MATH 320:Calculus III
Fall 1999, 4 Credits, MWF: 9:00-9:50 am, T: 11:00-11:50 am, FC-B22
Instructor: Rich Maresh, Associate Professor & Chair, Mathematics Department
Office: MC 522 Hrs: MWF 9-10, W 2-3, or by appt, Ph: 796-3655, 526-4988 (home)
Final Exam: Thursday, 16 Dec 99, 3:00-5:00 pm
Catalog Description: Partial differentiation; multiple integrals; L’Hopital’s rules; infinite sequences and series.

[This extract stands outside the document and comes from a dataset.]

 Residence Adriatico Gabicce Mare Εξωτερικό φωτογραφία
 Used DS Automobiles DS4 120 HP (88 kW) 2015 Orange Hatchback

Prerequisite: grade of C or higher in 221.
Text: Calculus - Early Transcendentals, 3rd Edition, by James Stewart (Brooks Cole, 1995)
CORE SKILL OBJECTIVES
1. Thinking Skills:
Uses reasoned standards in solving problems and presenting arguments
2. Communication Skills:
Reads with comprehension and the ability to analyze and evaluate.
Listens with an open mind and responds with respect.

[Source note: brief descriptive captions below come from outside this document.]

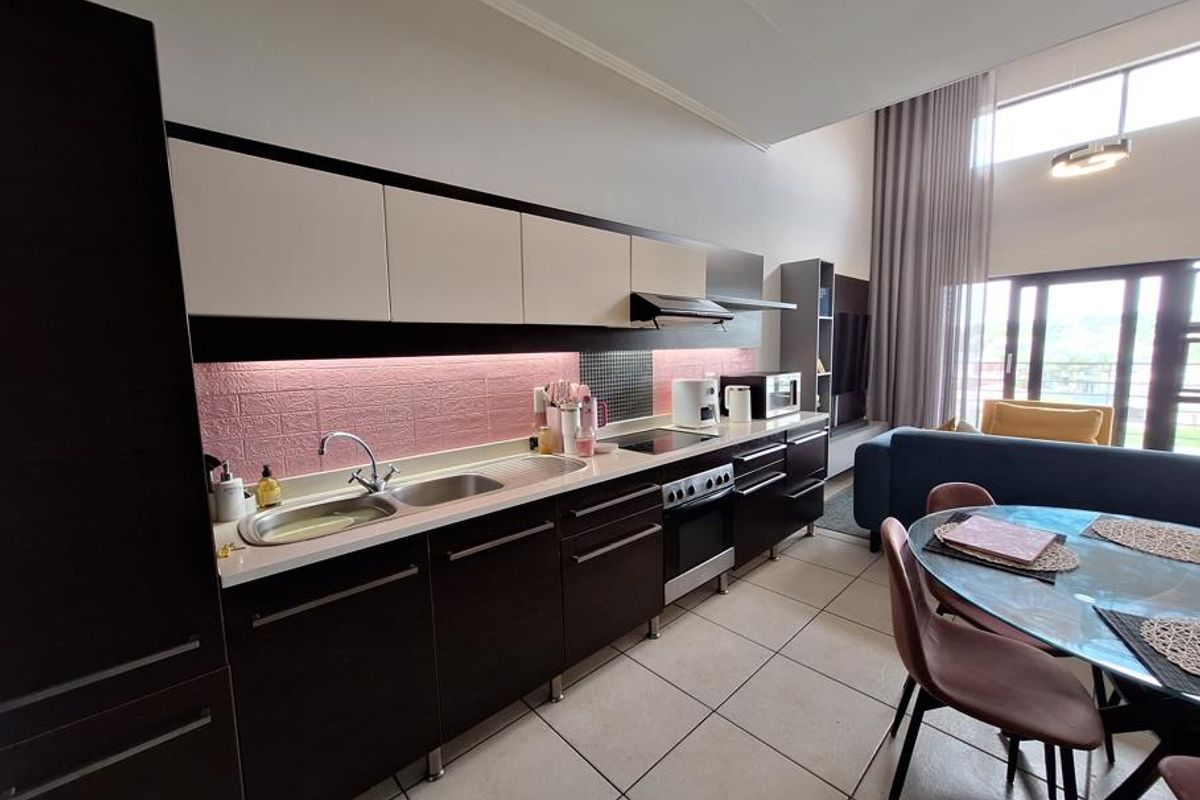 Stylish Top-Floor Apartment – Perfect for a Young Professional - Photo 3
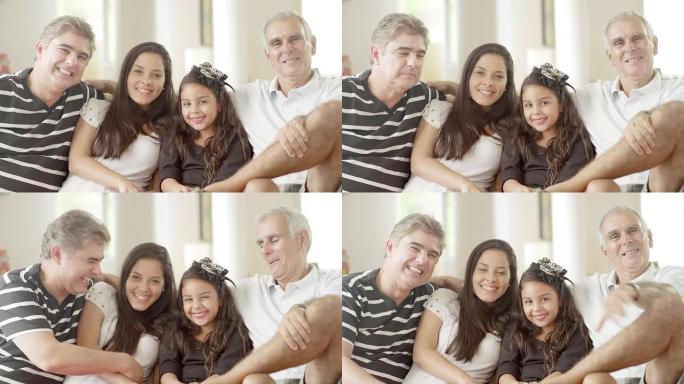 家人在客厅里微笑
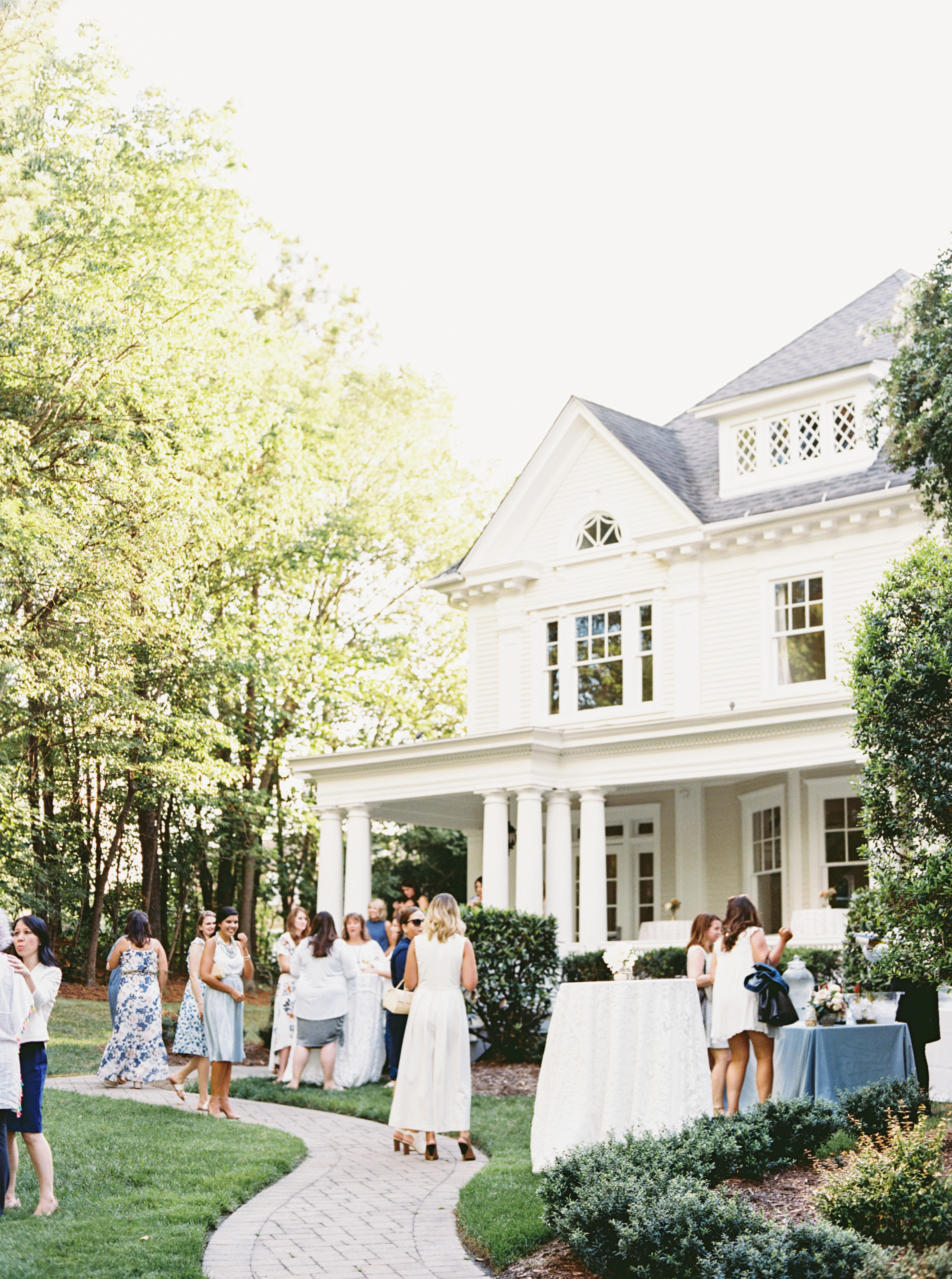 Spring dinner party inspiration at McAlister-Leftwich House in Greensboro, NC.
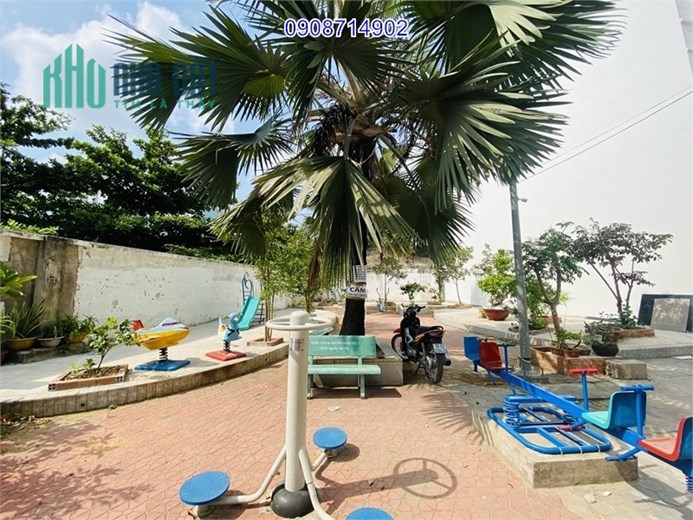 Nhà 4 tầng MT Tô Hiệu_Hòa Bình 4,5x16m sổ riêng full nội thất cách chợ Cây Keo 200m giá 9,3 tỷ TL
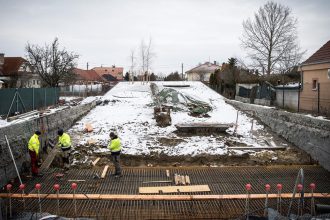 Miesto kde zabili Jana a Martinu sa naklonilo Pamenik vo Velkej Maci dokoncuju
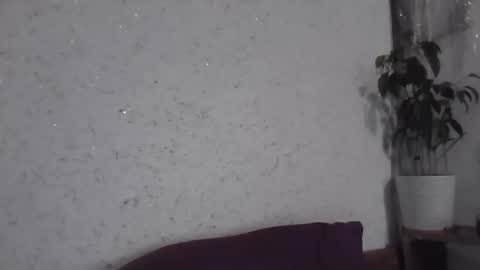 Snapshot of fox_red_lady7 chatting on December 16, 10:53 am fox_red_lady7 online show from December 16, 10:53 am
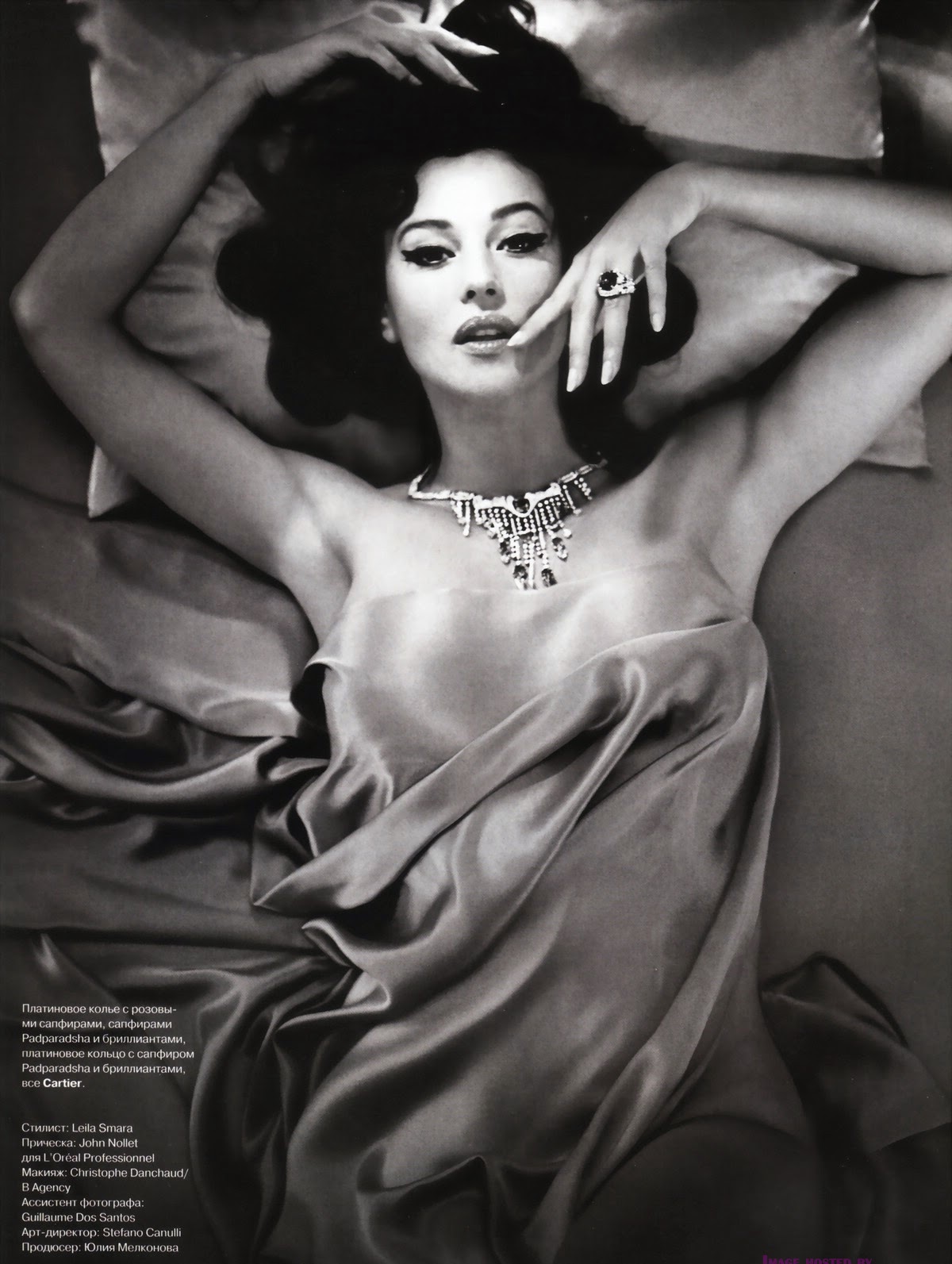 http://1.bp.blogspot.com/-955kzQzB420/Ti7NfEOE2uI/AAAAAAAAAPQ/U19hfMEqM9s/s1600/monica-bellucci-tatler-sept-2008-red-black-and-white-3.jpg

Accesses information and communicates using current technology.
3. Life Values:
Analyzes, evaluates and responds to ethical issues from an informed personal value system.
4. Cultural Skills:
Understands culture as an evolving set of world views with diverse historical roots that provides a framework for guiding, expressing, and interpreting human behavior.

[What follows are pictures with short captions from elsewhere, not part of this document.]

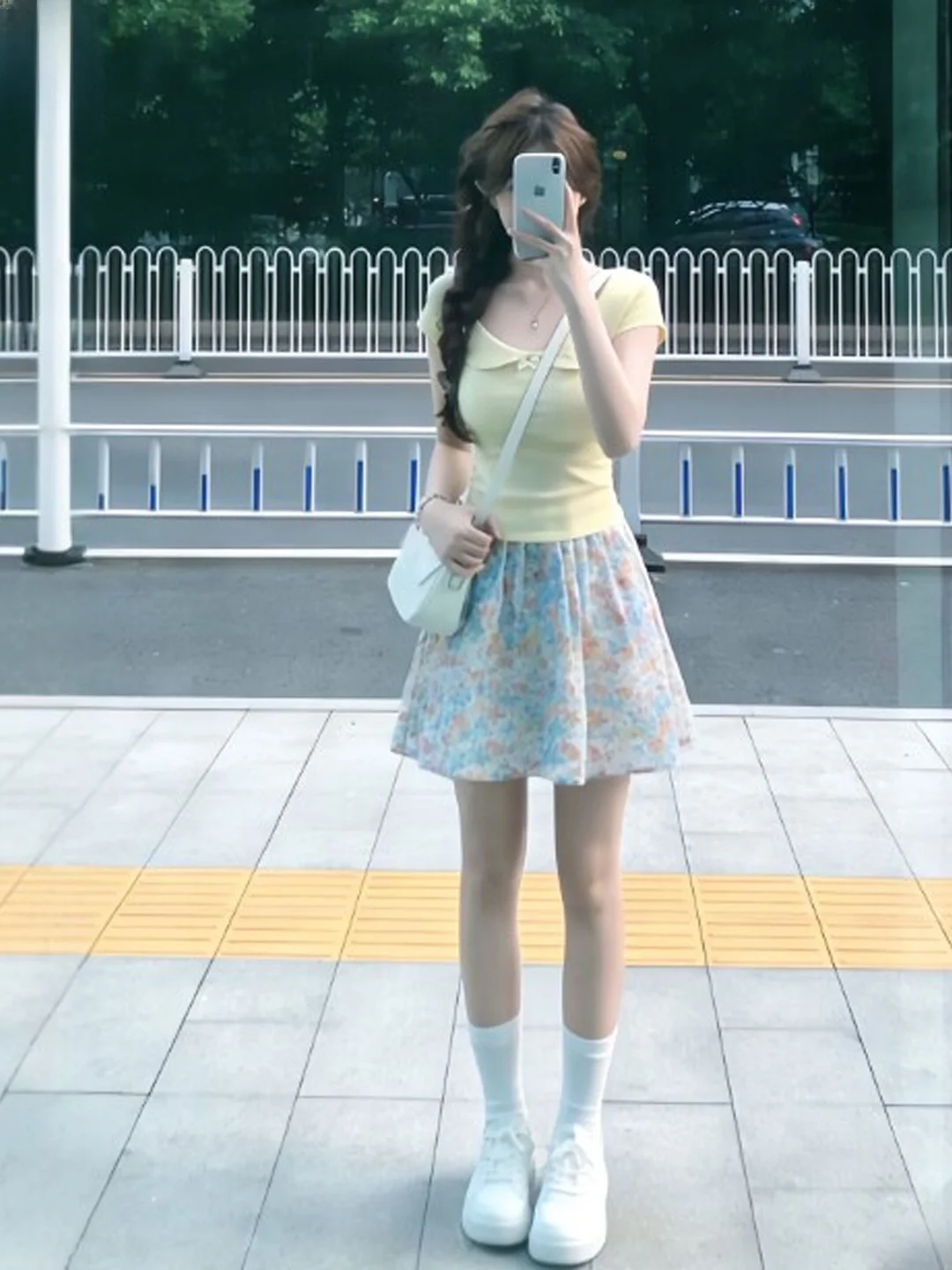 

Комплект с цветочным принтом: футболка и юбка. Красивый летний наряд из двух предметов. Молодежный комплект: футболка и короткая юбка с высокой талией. Удобный и модный.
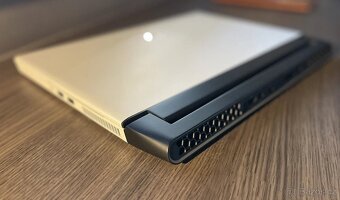 Prodám Dell Alienware m15 R3 - 9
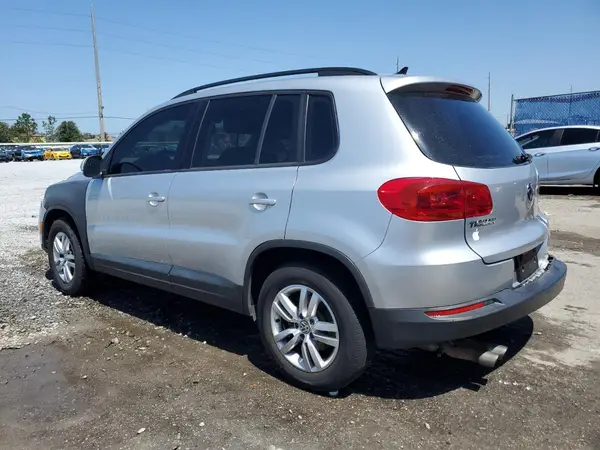 WVGAV7AX6HK029413 2017 VOLKSWAGEN TIGUAN - Image 2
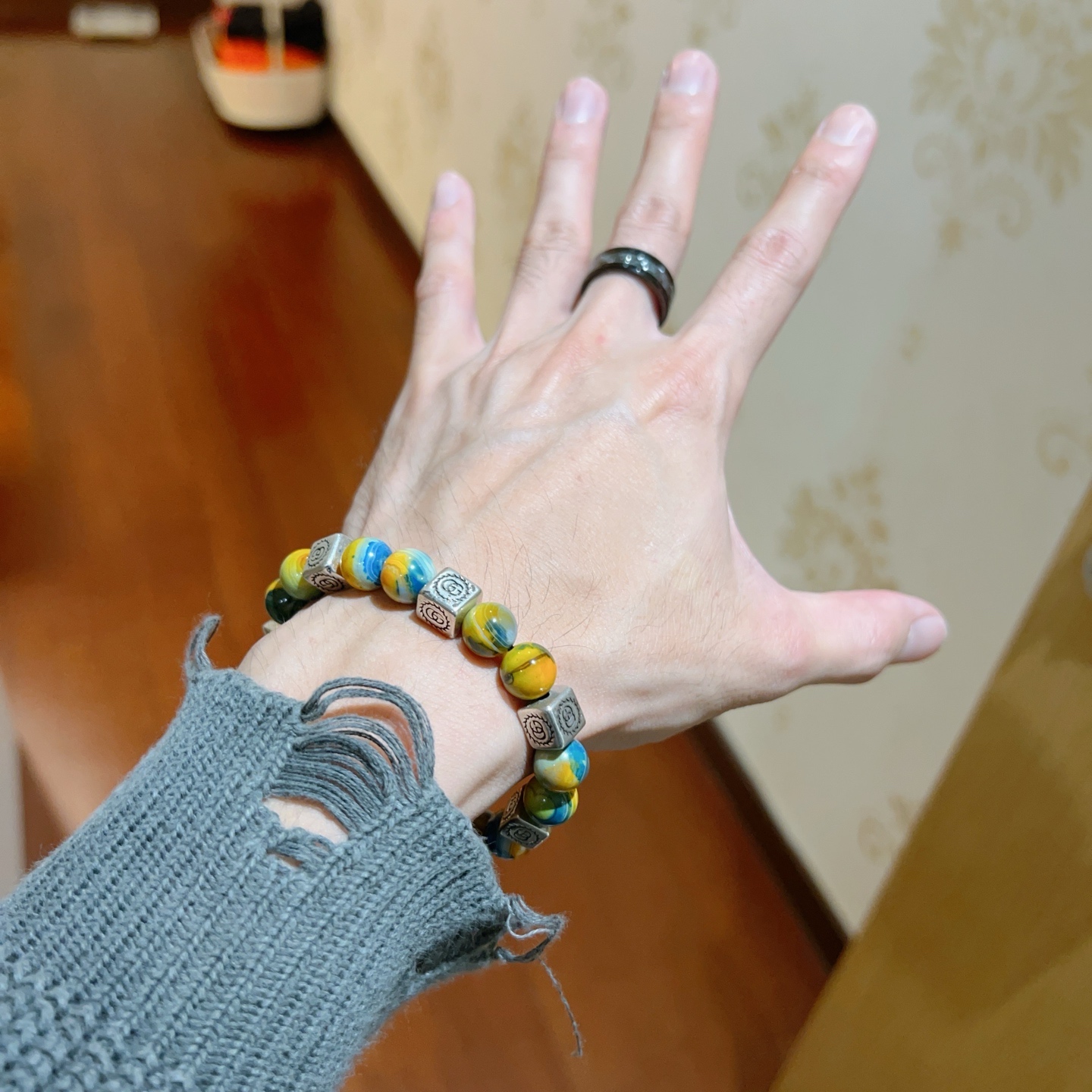   𝐆𝐮𝐜𝐜𝐢古驰手链男女同款 最新款天然玛瑙搭配青金石手链档次更高明星同款Anger Forest系列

Demonstrates knowledge of the signs and symbols of another culture.
Participates in activity that broadens the student’s customary way of thinking.
5. Aesthetic Skills:
Develops an aesthetic sensitivity
Further Course Goals:
From the perspective of mathematical content, this course should allow the student to expand and apply skills and knowledge gained in the first two semesters of Calculus to the topics of infinite sequences and series and to three-dimensional space.
The student will gain knowledge and skills, and the ability to apply these, to a variety of situations which might be encountered in the world of mathematics, science, or engineering.
The student will further improve his/her ability to communicate mathematical ideas and solutions to problems.
The student will improve her/his problem-solving ability.
From a most general perspective, the student should see growth in his/her mathematical maturity. The three-semester sequence of calculus courses form the foundation of any serious study of mathematics or other mathematically-oriented disciplines and this course is the capstone of that sequence.
COURSE OBJECTIVES
1. Thinking Skills:
Explores infinite sequences and series, and the concept of convergence and divergence.
Investigates applications of series.
Explores functions of more than one variable.
Develops an ability to construct 3-dimensional graphs of these functions, especially with an appropriate use of technology.
Learns the meaning and applications of partial differentiation.
Explores the use of multiple integration to find volumes and surface areas of 3-dimensional surfaces.
2. Communication Skills:
Collects a portfolio of one’s work during the course and write a reflection paper.
Does group work (labs and practice exams) throughout the course, involving both written and oral communication.
Uses technology - graphing calculators and Maple V in the computer lab - to solve problems and to be able to communication solutions and explore options.
Uses technology to construct and appropriately manipulate 3-dimensional graphs.
Improves one’s ability to write logically valid and precise mathematical proofs and solutions.
3. Life Value Skills:
Develops an appreciation for the intellectual honesty of deductive reasoning.
Understands the need to do one’s own work, to honestly challenge oneself to master the material.
4. Cultural Skills:
Develops and appreciation of the history of calculus and the role it has played in mathematics and in other disciplines.
Learns to use the symbolic notation correctly and appropriately.
Explores how people living in a pre-calculator/computer culture used convergent infinite series and sequences to evaluate expressions we take for granted because we get them at the push of a button (e.g., e, p, ln(2), ...).
5. Aesthetic Skills:
Develops an appreciation for the austere intellectual beauty of deductive reasoning.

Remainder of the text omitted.